Among individual stocks, Mahindra & Mahindra (M&M) rose over 2 per cent to Rs 795 on the BSE, while Tata Motors gained 1 per cent to Rs 195. Infosys rose 1.5 per cent to Rs 677.
GLOBAL MARKETS
Wall Street stock futures and Asian
shares held earlier gains on Wednesday after Democrats won control of the US House of Representatives, boosting the party's ability to block President Donald Trump's political and economic agenda.
The Democrats' House win creates a clear hurdle for Republicans to easily pass legislation through both chambers of Congress, clouding the outlook for some of Trump's key economic proposals.

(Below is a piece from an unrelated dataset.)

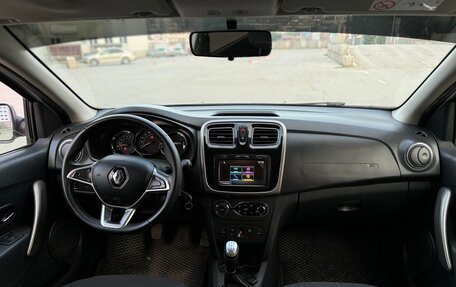 Renault Sandero II рестайлинг, 2021 год, 1 170 000 рублей, 7 фотография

While both outcomes were broadly in line with market expectations, a reason
markets did not sell off, the prospect of political gridlock creates some uncertainty for investors. The dollar weakened against most of its major counterparts.
In equities markets, US S&P500 futures rose 0.3 per cent, MSCI's broadest index of Asia-Pacific
shares outside Japan rose 0.3 per cent and Japan's Nikkei gained 1.2 per cent.
OIL PRICES
Oil prices were soft after a 2 per cent fall the previous day, with US crude futures hitting an eight-month low as Washington granted sanction waivers to top buyers of Iranian oil and as Iran said it has so far been able to sell as much oil as it needs to.
US West Texas Intermediate (WTI) crude futures traded 0.5 per cent lower at $61.91 a barrel having hit a low of $61.31 on Tuesday, the weakest price since March 16.